The Story
Why it exists.
The beginning
Vanilla Love exists because someone at RudRoss decided vanilla didn't need saving, it needed proper company. Released in 2024 as part of the England Collection, the fragrance takes a familiar material and gives it unexpected neighbors. Chamomile, white flowers, a milk chocolate accord slip into a structure that usually just goes warm and sweet. The result feels less like comfort food and more like a specific memory of comfort, a moment when something ordinary became something worth holding onto. That's RudRoss's way: contemporary sensibility, memory-driven composition, and a refusal to default to the expected.
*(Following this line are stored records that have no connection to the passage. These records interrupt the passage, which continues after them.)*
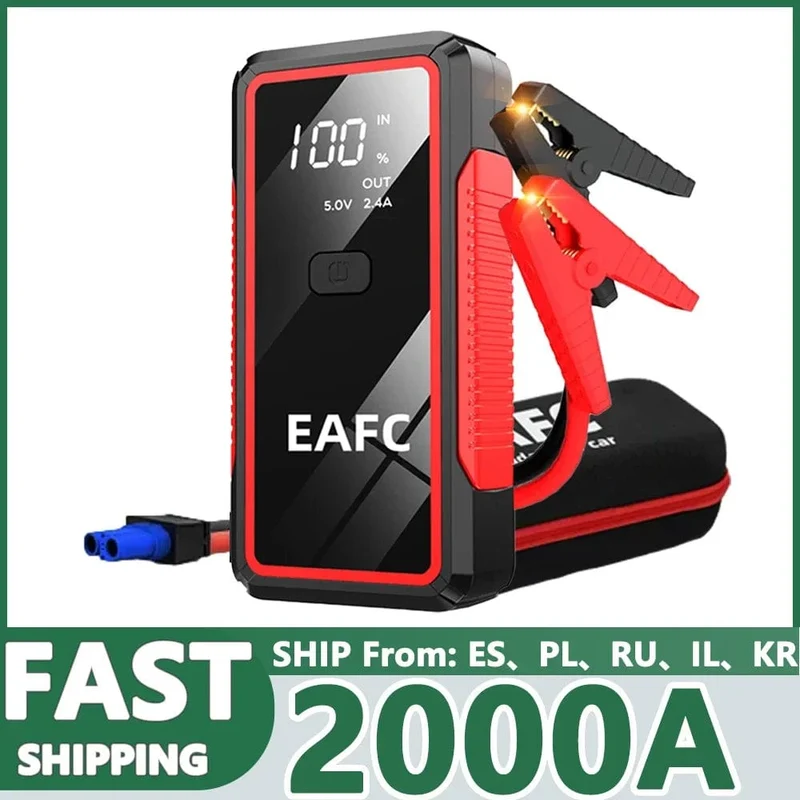 2000A Auto-Starthilfe, 1200A, 12V-Ausgang, tragbares Not-Start-Ladegerät für Autos, Booster-Batterie-Startgerät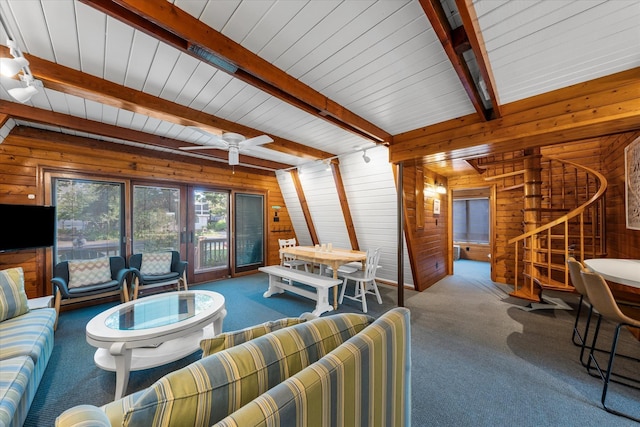 304 Alexander Ave, Cape May Point, NJ 08212 - carpeted living area featuring wood walls, stairs, a ceiling fan, and wooden ceiling with exposed beams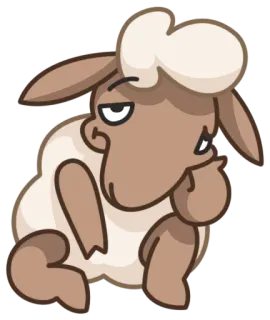 😒 ovelha, animal, fofo, desenho animado, adesivo telegram sticker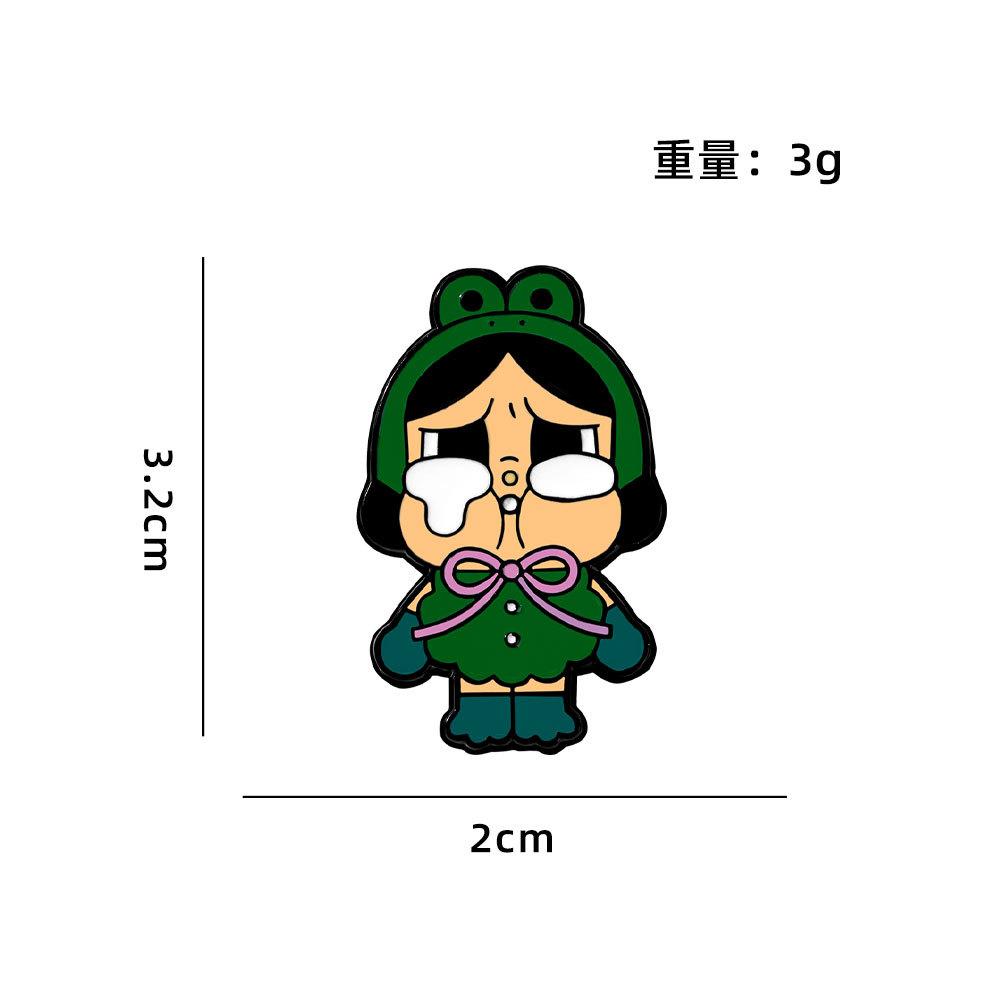 Cute creative cartoon anime Crybaby POP MART metal badge funny styling doll crying baby brooch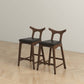 Hester - Set of 2 - 28" Black Solid Wood Upholstered Square Bar Chairs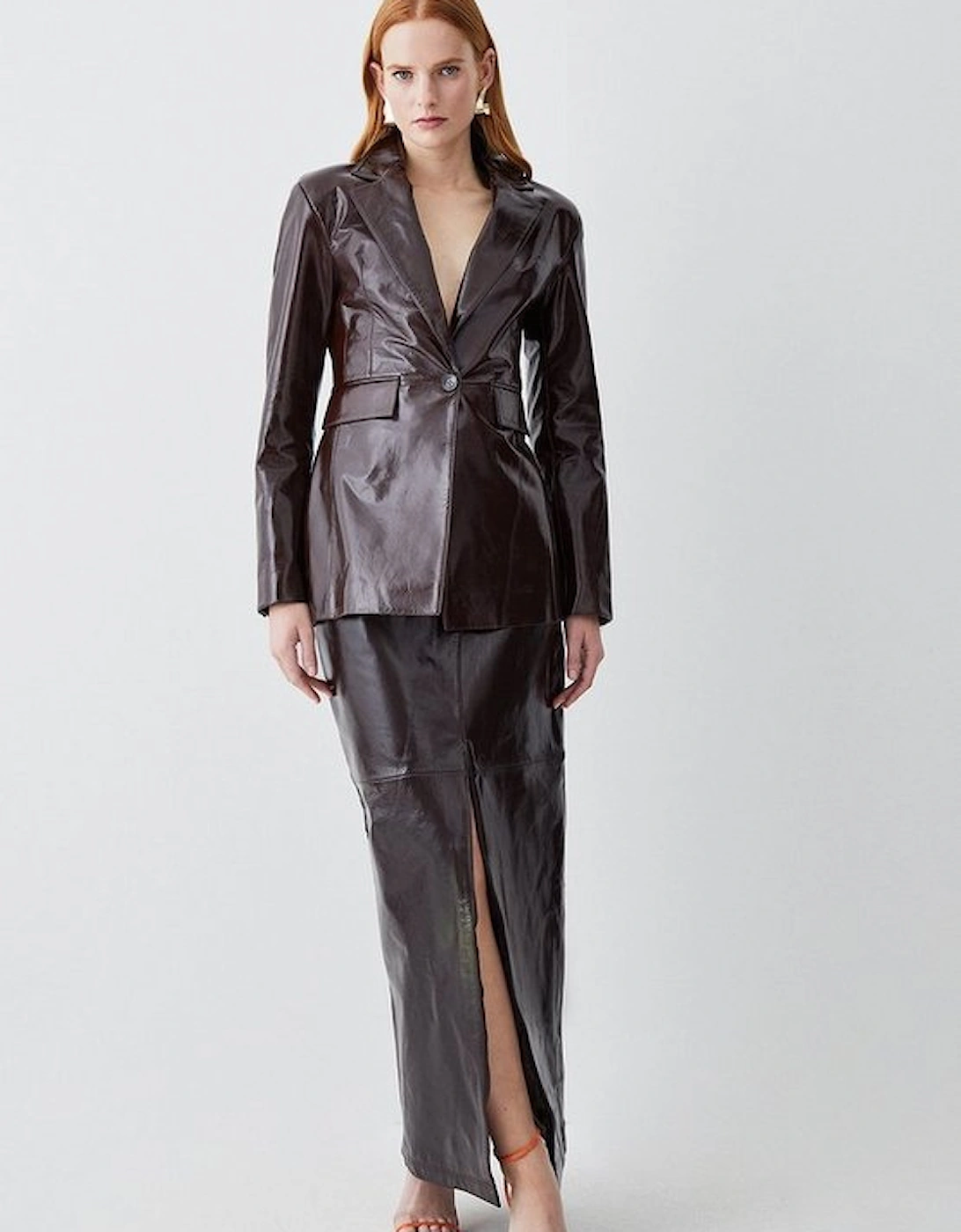 Patent Leather Strong Shoulder Tailored Blazer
Chamomile in a vanilla composition is the decision that separates this from the pack. The herbal dimension keeps the sweetness honest rather than syrupy, adding complexity that prevents the fragrance from flattening into simple gourmand territory. Hedione handles the floral lift, creating a transparent white flower effect that reads as fresh rather than one-dimensional. The heart has structure without announcing itself, each layer informing the next in a quiet conversation between ingredients.
The evolution
The opening is warm and immediate, milk chocolate and vanilla arrive together, bergamot keeping things bright enough. Chamomile walks in next. That's the move. White florals lift everything while tonka bean and sandalwood settle into skin like a second layer. Lasts well past the evening's first chapter. The drydown clings close, a skin-level warmth that carries through late hours.
Cultural impact
Vanilla Love belongs to RudRoss's England Collection, drawing on the quiet sophistication associated with British perfumery traditions. It appeals to the wearer who wants vanilla they haven't smelled before: familiar comfort paired with unexpected refinement. Chamomile gives the composition its point of view, an herbal counterweight to sweetness that sets this apart from straightforward interpretations of the note.